NOTE — SCS is the persistent "outer" program; the TEC body is outlined. The compiler partitions an SC computation by outlining each sc_tpu.tile_task region into its own func.func (stamped sc.sequencer="execute", the TEC) and replacing it with a LaunchTileTaskOp in the enclosing function — which stays sc.sequencer="scs". So the SCS program is the control loop that issues launches; the per-tile compute lives in the launched TEC functions. See Region → Sequencer Outliner.

Engine roster

SCS exists on every generation that ships SparseCore. TAC is the engine that varies: present on Viperfish and Ghostlite, dropped on 6acc60406 (which folds tile-fetch issuance into the SCS+TEC pair). SCS itself is constant. Marketing-name / codename / family-namespace mapping follows the sibling SparseCore Overview.

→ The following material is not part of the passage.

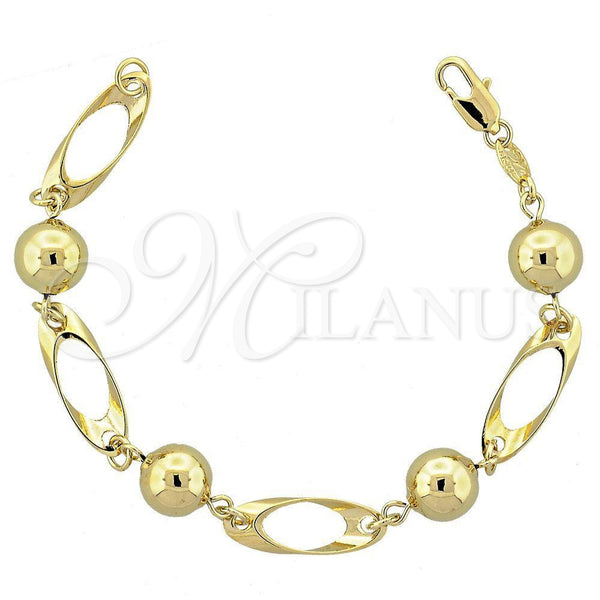 Oro Laminado Fancy Bracelet, Gold Filled Style Ball Design, Polished, Golden Finish, 5.005.010 (0.35 Gauge, 10 MM Thickness, 7 Inches Length)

MarketingCodenameFamily nsSCSbundleNotes
TPU v5pViperfishvxc.vfcY32 Bfirst three-engine split SCS+TAC+TEC
TPU v6eGhostlitegxc.glcY32 Bfull SCS+TAC+TEC; widened TEC
TPU7x6acc60406gxc.gfcY32 Bno TAC; SCS gains rotating-preg ops

NOTE — two enum spaces number the SparseCore sequencers and they are off by one (proto-vs-C++). The C++ tpu::TpuSequencerType enum numbers SCS=3 / TAC=4 / TEC=5 — confirmed in the demangled EncoderBase<… SparseCoreScsCodecBase …, LN3tpu16TpuSequencerTypeE3E> symbol (the 3E suffix is the literal 3), and the same {3,4,5} numbering is what TpuSequencerTypeToString renders (off_22010DE0[3]="SparseCoreSequencer"), what the codec-metadata tables take, and what TpuCoreParts::SequencerParts is indexed with (see Architecture — geometry is read at codec-enum TEC=5, so SCS=3, not 4). Every C++-side use shares this one numbering. The off-by-one peer is the protobuf enum TpuSequencerTypeProto, which reserves INVALID=0 and so numbers SCS=4 / TAC=5 / TEC=6; TpuSequencerTypeFromProto subtracts one when a proto value crosses into the C++ enum. Use {3,4,5} for every encoder, codec, and core-parts index; only a raw TpuSequencerTypeProto field carries {4,5,6}. Do not mix the two.


The SCS Bundle (32 bytes)

Layout

The bundle is 256 bits. No slot encoder writes below bit 7 or above bit 191; bits 0..6 are a reserved/header prefix and 192..255 are padding. The byte layout was recovered from the BitCopy destination-bit immediates inside each per-slot encoder (the dispatcher passes every encoder the same buffer Span, so the bit offsets are absolute), and is byte-identical on Viperfish, Ghostlite, and 6acc60406.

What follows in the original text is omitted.